Chicagoland track wear
Chicagoland’s resurfaced, rough surface pushes tire wear and track position into the spotlight, and that shape of the race should reward drivers who manage long runs and protect their tires. Limited recent track data adds another layer of uncertainty. Teams will lean on notebook work from other 1.5-mile tracks, but Chicagoland still asks for a specific balance between speed and durability. That makes the opening laps and the pit cycle important, because clean air can carry more value when the surface starts to age. Kyle Larson brings the strongest recent profile to the track among the drivers with multiple starts there. He has four top-five finishes in six Cup starts at Chicagoland and owns the best average finish in that group at 6.17. He also finished second in the last two Cup races at the track and arrives trying to end a 42-race winless streak. That mix of track history and recent frustration keeps him near the top of the conversation. Denny Hamlin and Tyler Reddick also sit among the top contenders and fantasy options. Alex Bowman and Brad Keselowski are sleeper picks, a sign that the field includes drivers who can work their way forward if the race turns into a test of patience and tire management. Joey Logano and Carson Hocevar were listed as drivers to avoid in fantasy play, which reflects how unforgiving Chicagoland can be when track position slips away.

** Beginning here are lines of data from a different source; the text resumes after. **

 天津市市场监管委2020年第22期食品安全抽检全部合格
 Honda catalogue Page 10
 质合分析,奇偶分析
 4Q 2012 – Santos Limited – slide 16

In-Season Challenge matchup
Chicagoland also serves as Round 2 of the NASCAR In-Season Challenge, and the bracket adds another layer of pressure to a weekend already shaped by limited track history and a crowded field. Kyle Larson faces William Byron, and Denny Hamlin draws Erik Jones in the second-round matchups. Those pairings raise the stakes for every stage of the race, because advancement in the challenge can hinge on clean runs, pit execution and how well each driver handles the rough surface as the laps build. The challenge brings extra attention to the same drivers who already sit near the center of the weekend story. Hamlin has the pole and the confidence that comes with it. Larson has the best Chicagoland record among the multiple starters and the kind of pace that can turn a bracket race quickly. Byron and Jones enter with their own paths to the next round, and the head-to-head format gives each position on track added value. That fits Chicagoland, where a small mistake can shuffle a driver into traffic and change the outcome of a matchup. The broader weekend card gives the Cup race more context too, with series action across NASCAR’s top three levels, but the In-Season Challenge makes the Cup field feel even tighter. Every pass matters. Every stop matters. At a track where the surface demands attention and the recent data set is thin, the challenge bracket only sharpens the focus on who can adapt fastest and hold position when the race settles into its long middle stage.